« Au fond de chaque mot j’assiste à ma naissance » (Alain Bosquet)
Hier encore ou bien avant, nous aurions pu nous baigner dans de simples propos, des paroles sans importance, venues des arbres, des bords de lac, du fond des rivières. Mais nous savions peu de choses des autres et cela nous importait si peu. Dans nos courriers de nuits d’hiver, nous parlions surtout de nous, nous écrivions ce qui avait déjà été écrit, nous feignions d’avoir appris ce que nous savions déjà, nous étions maître dans l’art de ressasser des évidences tièdes et la poudre de nos révoltes était bien trop humide.
Il arrive un jour qu’on relise de vieilles lettres envoyées à nos parents et retrouvées par hasard, longtemps après leur départ, dans quelque tiroir encombré ou des lettres d’amour qu’on n’a pas eu le courage d’envoyer, rangées dans des livres jamais ouverts depuis tant d’années. Alors on frémit d’avoir été ce jeune homme bien trop assuré dans ses risibles illusions, ses vérités de bazar, son insolence flasque. On reconnait entre ces lignes le genre de personne qu’on éviterait de fréquenter aujourd’hui. Et pourtant, ce sont là des restes de notre écriture, des bouts d’os et si peu de chair que pour peu nous aurions honte.

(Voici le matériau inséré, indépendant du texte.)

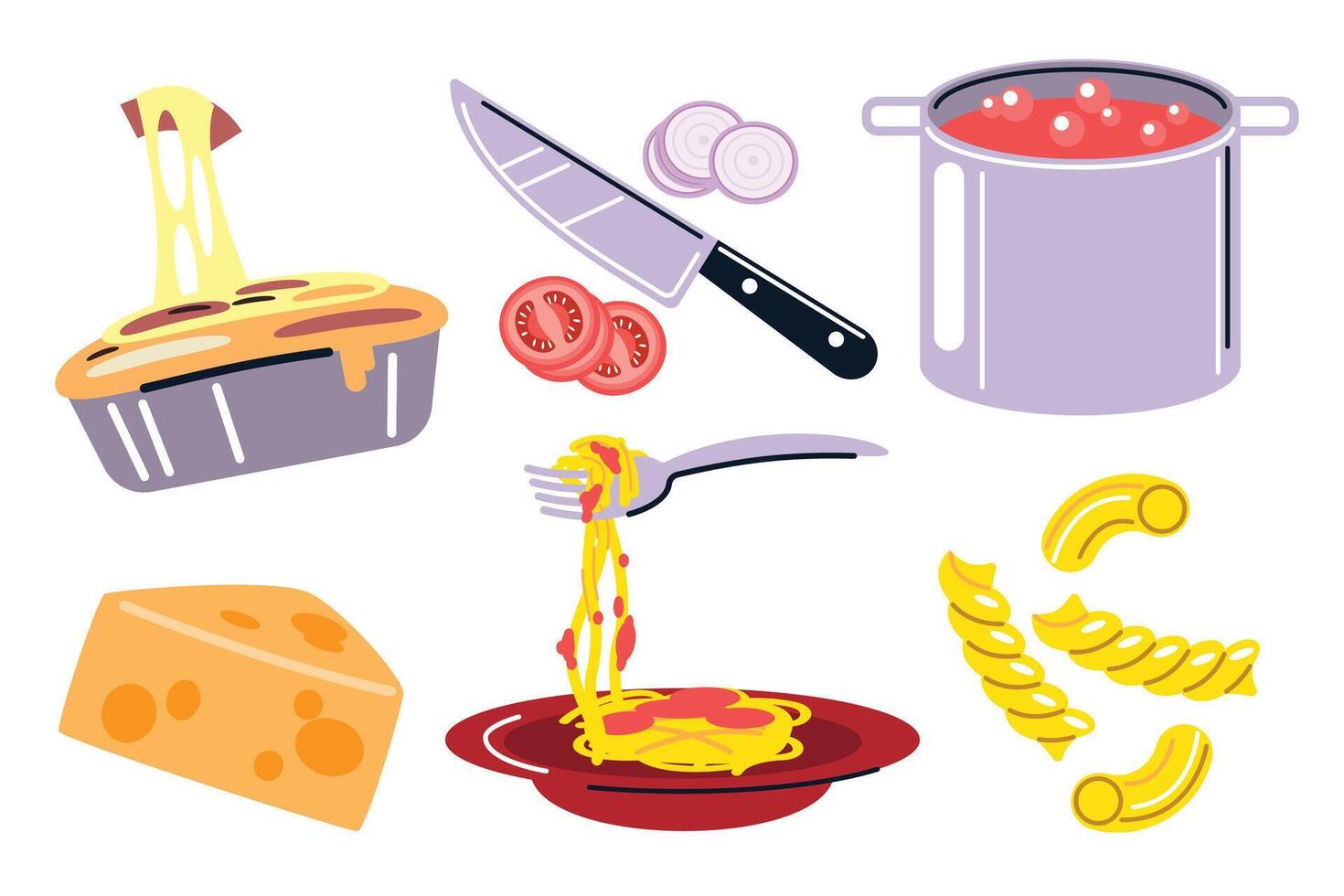 Pasta and Cooking Ingredients vector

On voudrait reprendre tout ça, mainte fois encore sur le métier remettre le message, s’excuser dans le vide d’avoir été si maladroit, tellement distant, éponger à genou le manque de couleur et de passion, reprendre le fil d’une conversation et sur le seuil pouvoir adresser un signe vrai aux disparus d’un autre temps. On se dit que demain il faudra bien prolonger dans une lumière chaude les chemins si mal entretenus de nos pauvres manuscrits.
« Je t’écris De la main gauche
Celle qui n’a jamais compté
C’est celle qui faisait les fautes
Du moins, on l’a raconté… »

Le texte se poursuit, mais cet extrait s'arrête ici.